Both Clear Channel and Lombardo involved regulatory schemes which distinguish between on-site signs, which relate to activities conducted on the premises where the sign is located, and off-site signs, which do not. Lombardo contended the Oregon law barred him from putting up a 36-foot square sign reading “For Peace in the Gulf” outside his home.

Since Lombardo was not doing anything in his home related to that message, the sign did not qualify for the exemption available for signs calling attention to on-site activities. Lombardo argued that the exemption effectively preferred commercial over non-commercial speech.

A district court judge dismissed the suit, and the three-judge panel affirmed.

Judge A. Wallace Tashima, writing for the majority, said Clear Channel was “controlling.”

He explained:

“The primary argument raised by Lombardo is that the billboard law negatively affects noncommercial speech because fewer residents will be able to display signs that relate to activity conducted on the premises, whereas commercial establishments will be able to display their signs advertising their activity with relative ease. This argument fails under our precedent.”

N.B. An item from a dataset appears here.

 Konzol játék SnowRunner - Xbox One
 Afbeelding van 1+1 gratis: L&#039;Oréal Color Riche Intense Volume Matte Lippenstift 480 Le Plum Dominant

Like the Los Angeles ordinance upheld in Clear Channel, the Oregon scheme was content-neutral since it distinguished between billboards based on location, not message, Tashima said.

“The key consideration is whether the sign relates to activity conducted on the premises,” the judge wrote. “Although commercial billboards may prevail under the [Oregon] legislative scheme, neutrality is nonetheless maintained because the regulation allows noncommercial messages on either onsite or offsite signs.”

Senior Judge Warren J. Ferguson concurred, but Senior Judge Betty B. Fletcher dissented, arguing the distinction in the statute between signs relating to activities conducted on the premises and other types of signs imposed “substantial restrictions on core protected speech.”

She commented:

“James Lombardo could erect a 60-square-foot sign that says ‘Lombardo Lives Here,’ but he cannot erect a 60-square-foot sign that says ‘Vote Bush.’”

Speech regulation preferring commercial over political speech presumptively violates the First Amendment, Fletcher said, and “inverts” the hierarchy of constitutional speech protection.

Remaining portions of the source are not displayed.